What to produce: What this exercise needs is every entry restated as written, with no pictures.

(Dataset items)

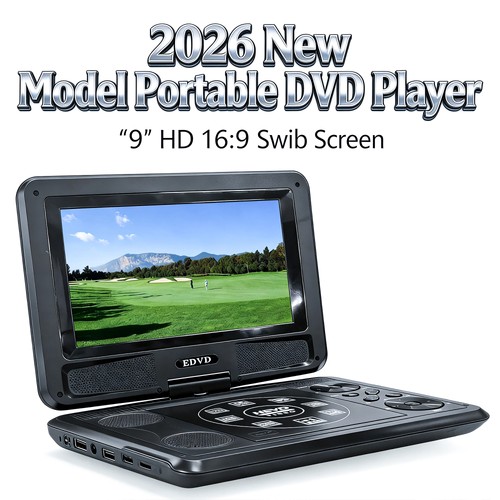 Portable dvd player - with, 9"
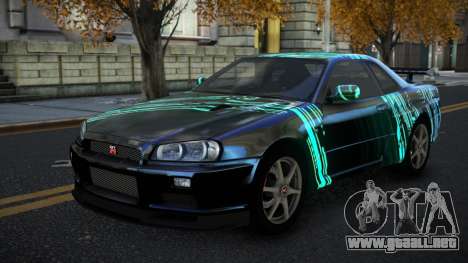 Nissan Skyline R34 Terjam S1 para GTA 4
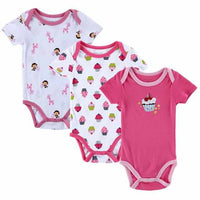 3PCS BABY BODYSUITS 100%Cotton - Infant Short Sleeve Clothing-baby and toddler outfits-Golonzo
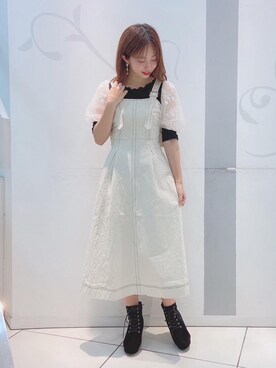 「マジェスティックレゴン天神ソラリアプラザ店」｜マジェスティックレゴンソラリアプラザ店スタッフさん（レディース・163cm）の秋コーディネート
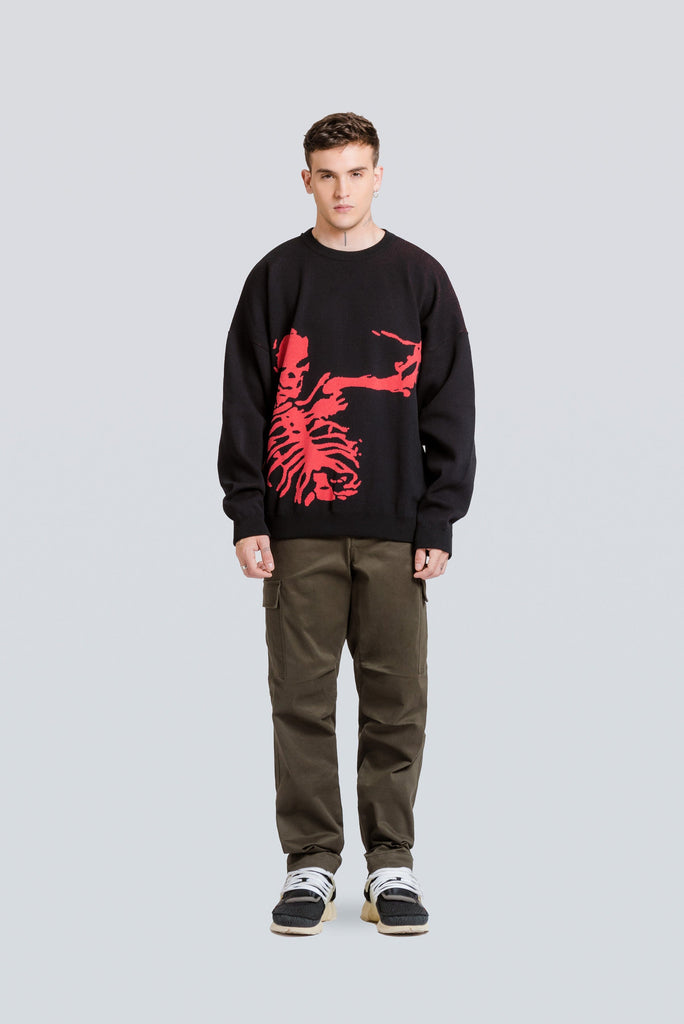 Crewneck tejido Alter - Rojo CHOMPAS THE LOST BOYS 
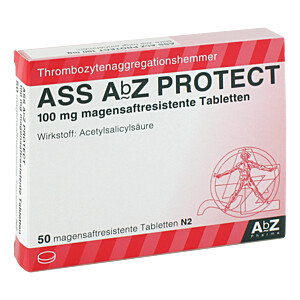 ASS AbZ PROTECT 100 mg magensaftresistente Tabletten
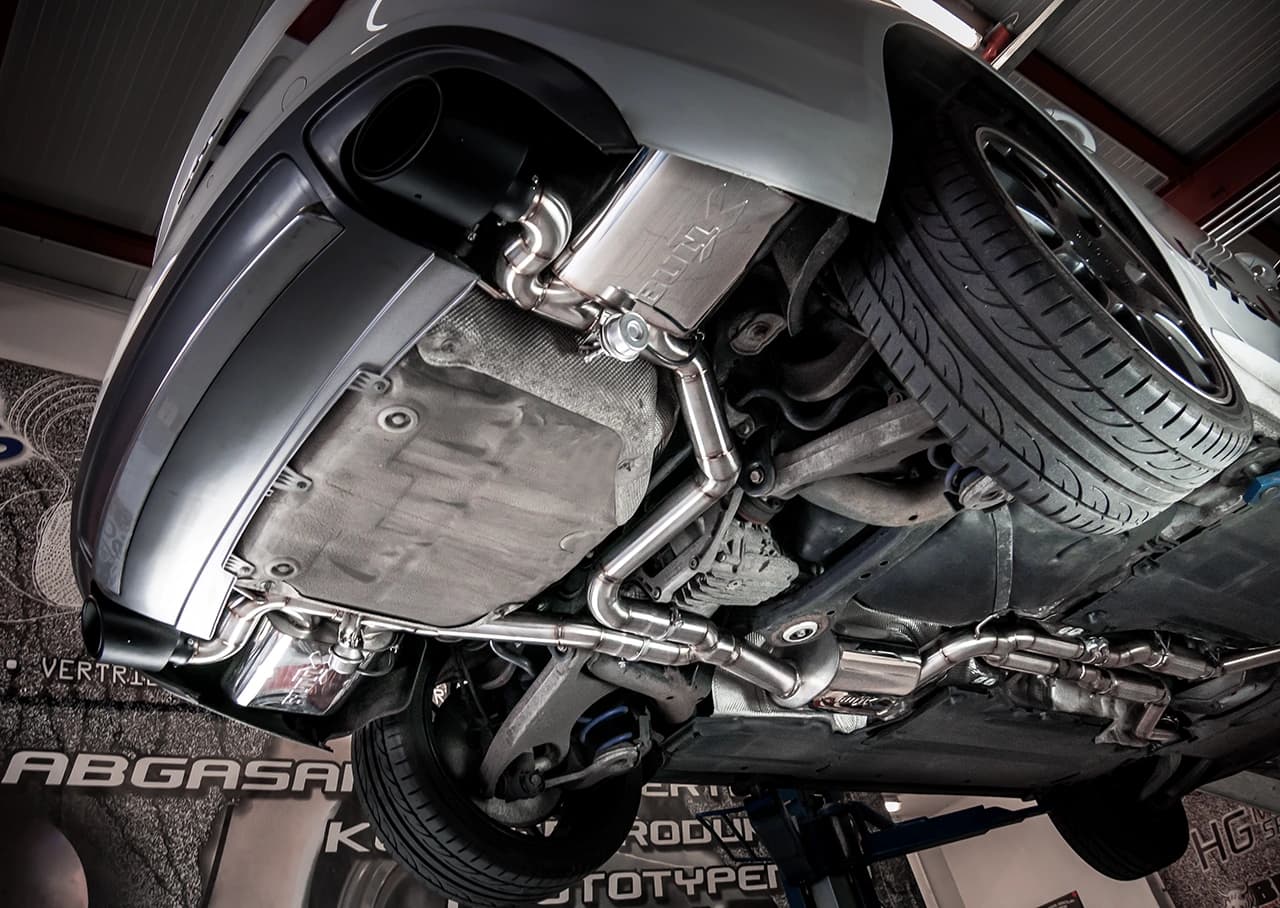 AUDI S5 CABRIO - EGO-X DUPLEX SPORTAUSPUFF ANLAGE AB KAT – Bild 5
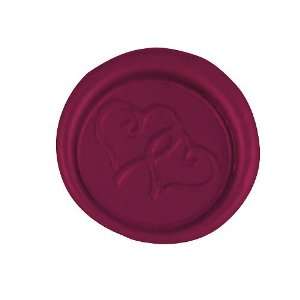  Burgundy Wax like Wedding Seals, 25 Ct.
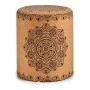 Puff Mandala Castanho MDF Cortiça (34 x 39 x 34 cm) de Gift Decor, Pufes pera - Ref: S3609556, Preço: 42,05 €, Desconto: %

Task result:
 Portable dvd player - with, 9"
 Nissan Skyline R34 Terjam S1 para GTA 4
 3PCS BABY BODYSUITS 100%Cotton - Infant Short Sleeve Clothing-baby and toddler outfits-Golonzo
 「マジェスティックレゴン天神ソラリアプラザ店」｜マジェスティックレゴンソラリアプラザ店スタッフさん（レディース・163cm）の秋コーディネート
 Crewneck tejido Alter - Rojo CHOMPAS THE LOST BOYS 
 ASS AbZ PROTECT 100 mg magensaftresistente Tabletten
 AUDI S5 CABRIO - EGO-X DUPLEX SPORTAUSPUFF ANLAGE AB KAT – Bild 5
  Burgundy Wax like Wedding Seals, 25 Ct.
 Puff Mandala Castanho MDF Cortiça (34 x 39 x 34 cm) de Gift Decor, Pufes pera - Ref: S3609556, Preço: 42,05 €, Desconto: %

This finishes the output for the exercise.